Dive Brief:
-
Amazon is laying off employees, mostly in its consumer retail business, numbering in the "several hundreds," two people familiar with the matter told The Seattle Times. Layoffs are expected to hit the corporate headquarters, as well as elsewhere in its global operations.
-
In an emailed statement to Retail Dive, an Amazon spokesperson confirmed that the company is "making headcount adjustments across the company – small reductions in a couple of places and aggressive hiring in many others. For affected employees, we work to find roles in the areas where we are hiring."
-
As of Monday, the spokesperson said Amazon has 3,900 jobs open in Seattle and 12,000 jobs open worldwide in its corporate operations, and it will continue to grow. "As you have reported, over the past five months, we have secured at least 1 million square feet in the city … a sign we will keep hiring here," the spokesperson said, adding that the space would allow the company to hire an additional 5,000 people.
Dive Insight:
Earlier this month, Amazon reported a massive sales rise of 38% and noted that shipping costs, whose growth had outpaced sales growth in recent quarters, was more under control. It was also a quarter in which Alexa outperformed Jeff Bezos’ infamously high expectations, leading him to say, "expect us to double down" on the voice assistant.
While Alexa’s job may be safe, the company (the second-largest U.S. corporate employer, according to the Times) is embarking on an unusual rationalization of its workforce. It's noteworthy that most of the cuts are in retail, according to retail analyst Nick Egelanian, president of retail development consultants SiteWorks International.

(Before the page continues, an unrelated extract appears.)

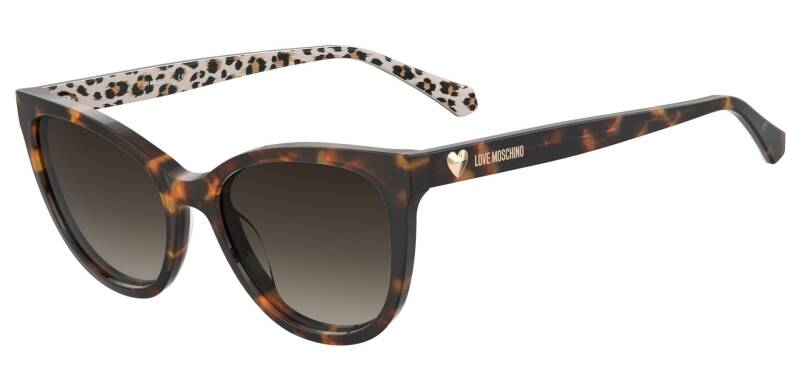 Moschino Love Brown Women's Sunglasses with 54mm Lens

"With 300,000 U.S. employees, you would have to wonder what kind of organization Amazon is if some of those employees were not pared out occasionally," he told Retail Dive in an email, noting that the company continues to "hire at a brisk pace" and lease new office space. "Nevertheless, the fact that the layoffs are in consumer retail does indicate that they continue to look for ways to make the unit more lean, sustainable and profitable. Shipping costs, at nearly $20 billion last year, continue to be their biggest challenge."
Last year, Amazon created 130,000 jobs worldwide, not including at Whole Foods stores. The company has about 560,000 global employees, Amazon's spokesperson told Retail Dive.

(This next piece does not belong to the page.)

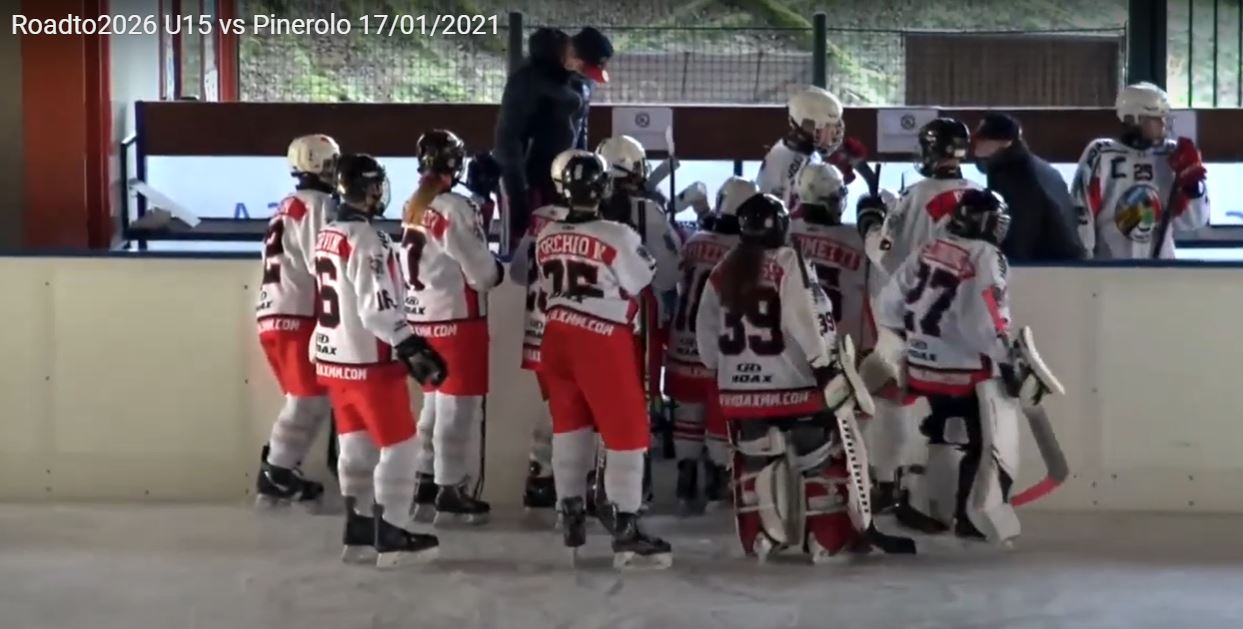 Hockey Como gli U15 lariani debuttano perdendo in casa con il Pinerolo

Some sections of the e-commerce giant’s business may have grown too rapidly, considering, according to the Times, Amazon’s Seattle employees numbered 5,000 eight years ago and now top 40,000.
At the end of the year, the Times noticed that Amazon was posting far fewer notices for job opportunities in its hometown. Job postings last June had numbered more than 9,000, but dropped to just 3,503 in the first week of December — the lowest in three years, according to that report. The paper's number-crunching was backed up by The Conference Board, which between August and November last year counted the lowest number of Amazon job listings in Seattle's King County of any four-month period in data since June 2015, the Times also noted.
However, even the subdued numbers overshadow those at other business giants in the area: Amazon job listings surpass those of Microsoft, the University of Washington, Nordstrom and Starbucks combined, according to the Times.